Production was changed under the ownership of Reiner Daelen : While the factory previously mainly produced raw products for further processing, it now specialized in steam engines and other systems for collieries and coking plants. One of these steam engines is still operational today in the Westphalian Open Air Museum in Hagen . In 1872, 16 years after it was originally founded, approval was finally given to convert the company into a stock corporation, from then on it was called Baroper Maschinenbau AG .

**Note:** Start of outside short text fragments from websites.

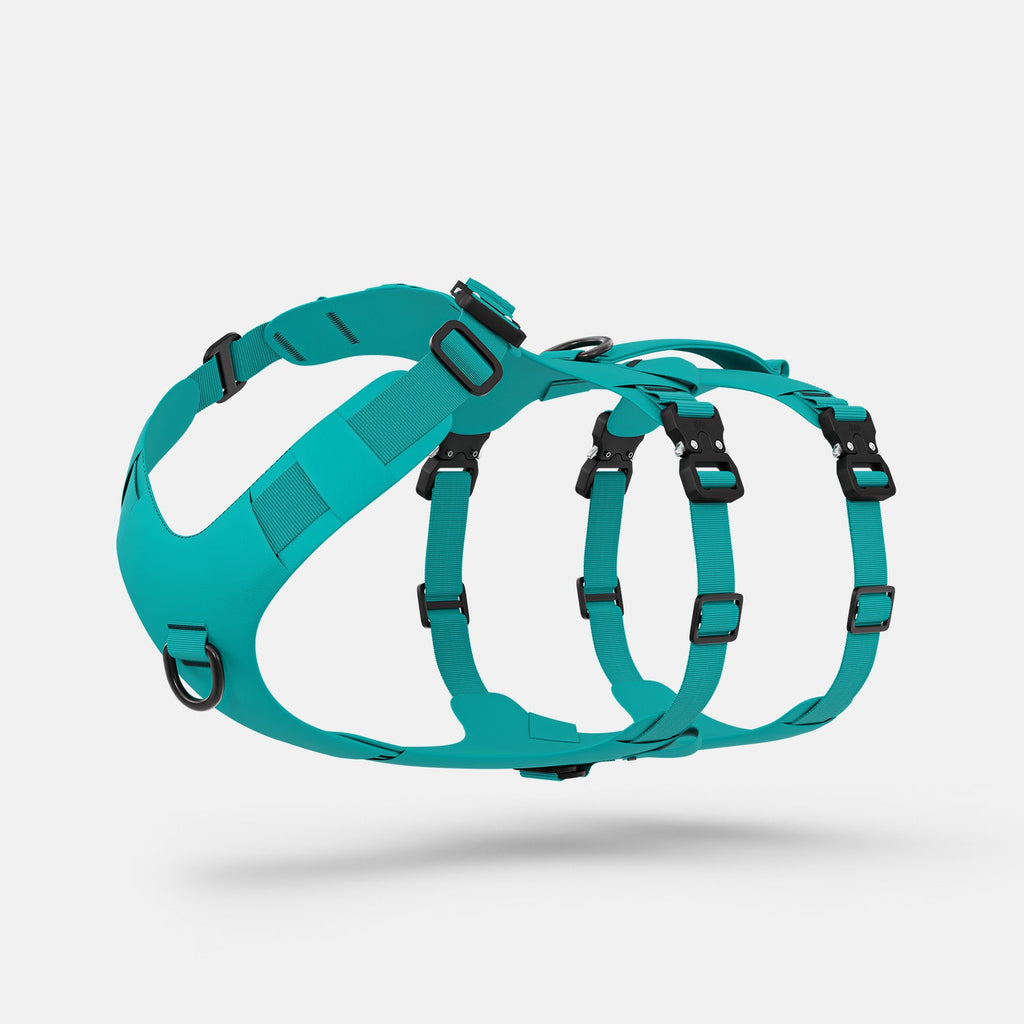 Pet Harness product image 3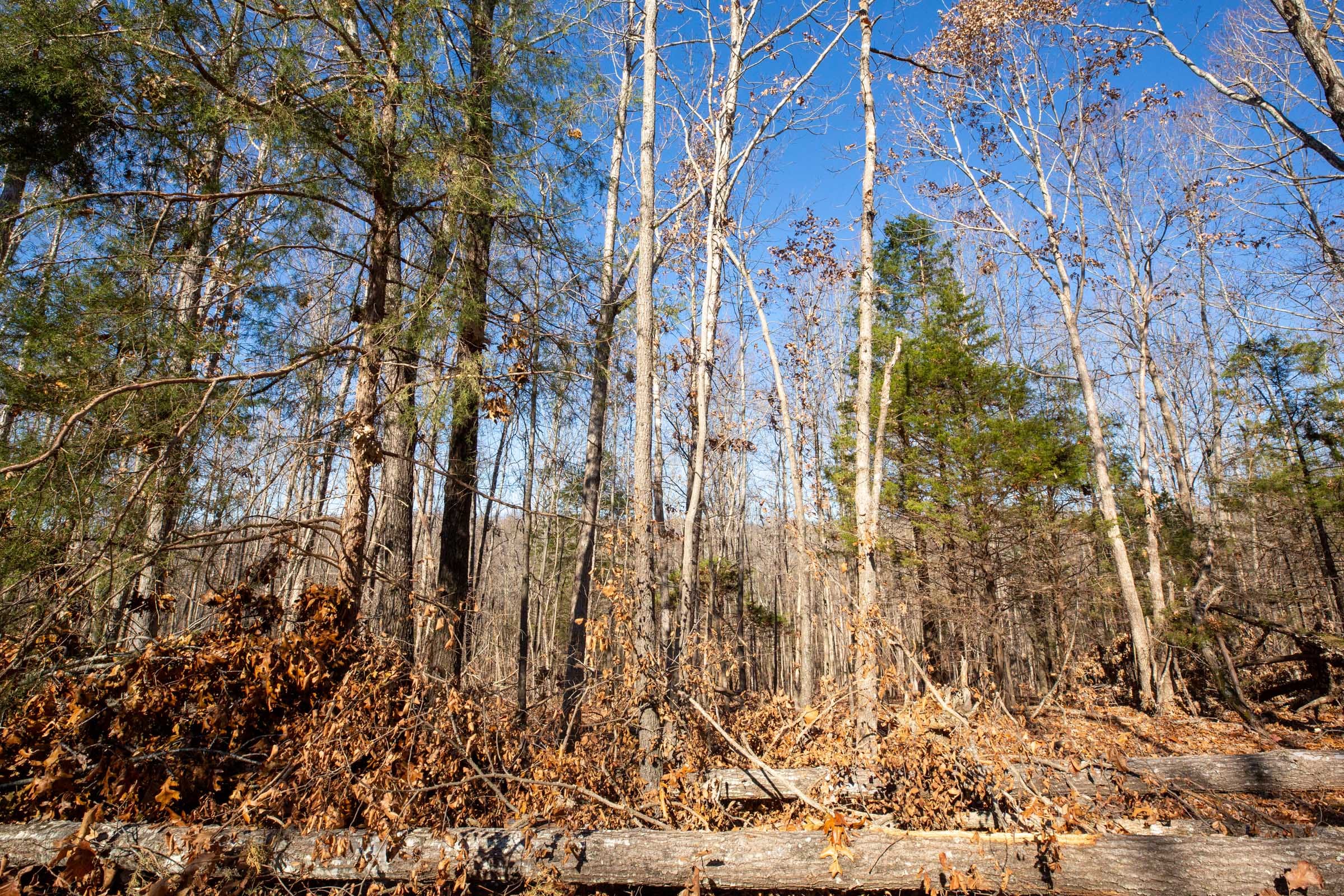 Dutchman Hollow Tract 9 photo 2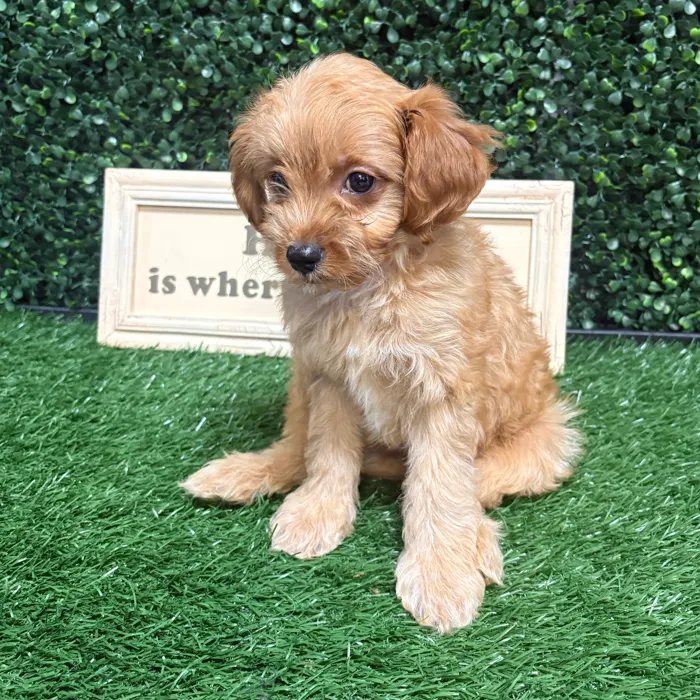 Male Cavapoo puppy named Sodapop for sale at Puppy Dreams - Memphis.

In the next few years, however, another economic crisis weakened the company, until the beginning of the 1880s production was almost idle, but then increased again significantly. In the wake of the global economic crisis , the company finally went under after the First World War, was liquidated by 1932 and the remaining shares were taken over by Schüchtermann & Kremer Baum AG .

The best- known apprentice of the Baroper Maschinenfabrik was August Klönne , whose company later became known primarily for the construction of water towers . He received an apprenticeship as a mechanical engineer here in the late 1860s.

literature

  • Walter Gronemann: A short history of the offices of Barop and Kirchhörde . Stadtsparkasse Dortmund, 1987.